*What to produce:* Copy exactly the lines of the material below that fall between the line with "Men's Polo Ralph" and the line with "203 - ARMCHAIRS, a", both of those lines included; pictures stay out.

··· Material shown ···

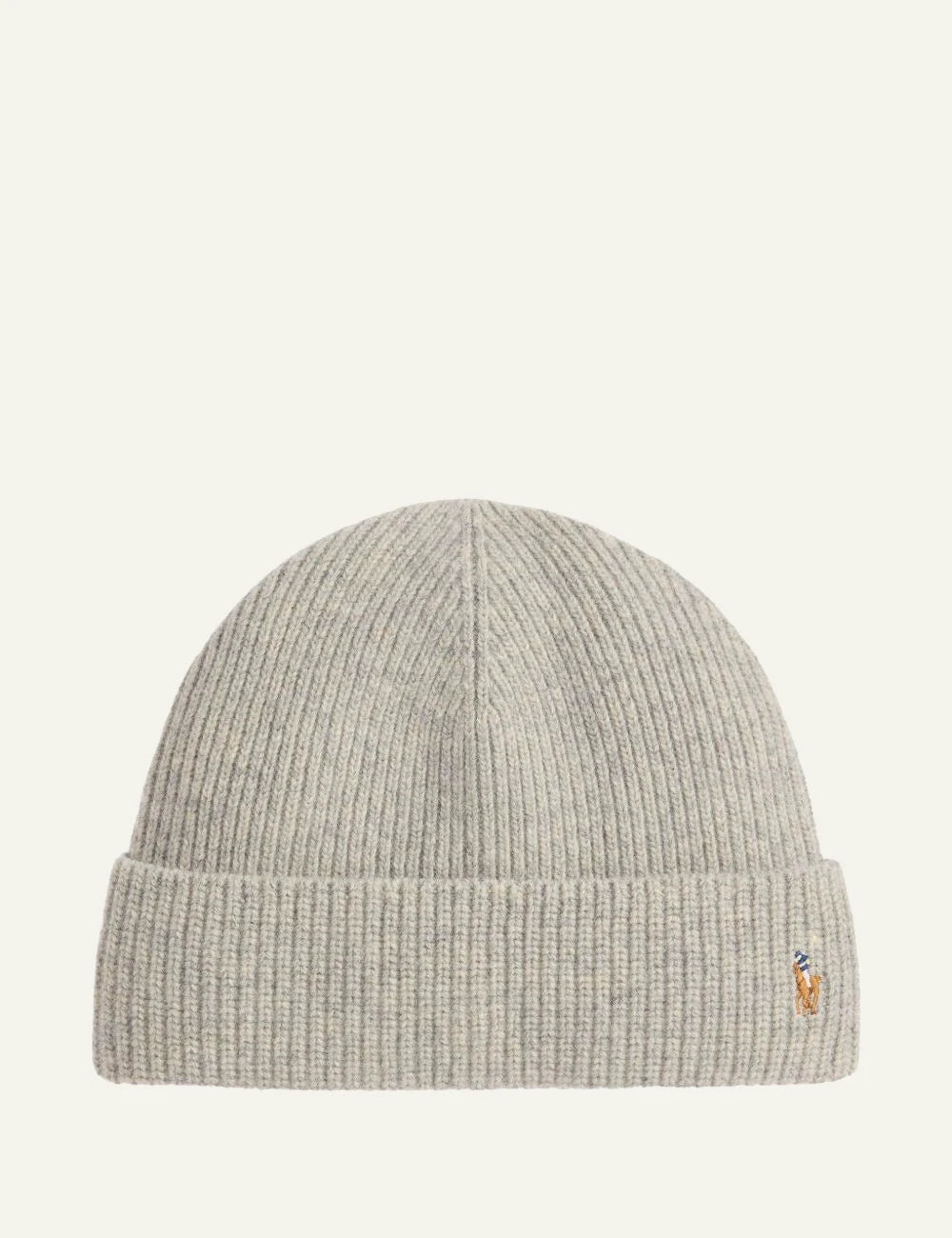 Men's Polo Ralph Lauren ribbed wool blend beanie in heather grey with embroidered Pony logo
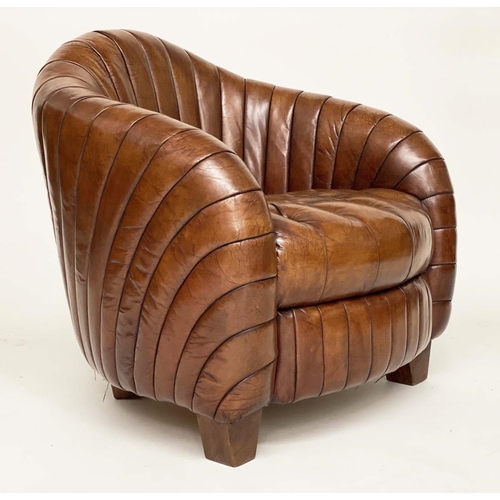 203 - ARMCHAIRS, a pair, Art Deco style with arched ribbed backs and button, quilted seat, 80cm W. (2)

···
··· Material shown ···

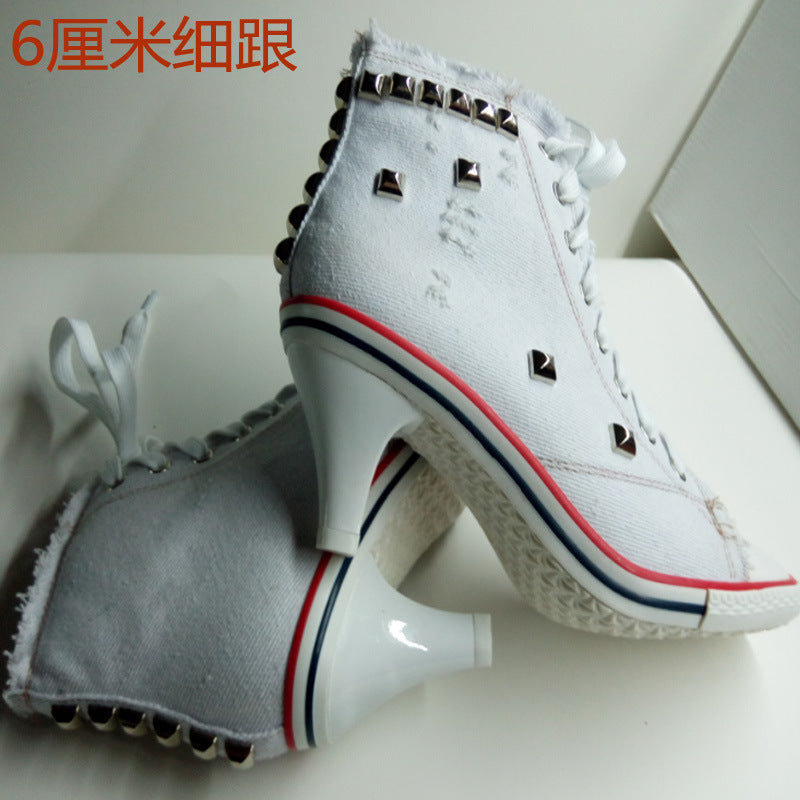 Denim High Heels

···

*Expected answer:*
 Men's Polo Ralph Lauren ribbed wool blend beanie in heather grey with embroidered Pony logo
 203 - ARMCHAIRS, a pair, Art Deco style with arched ribbed backs and button, quilted seat, 80cm W. (2)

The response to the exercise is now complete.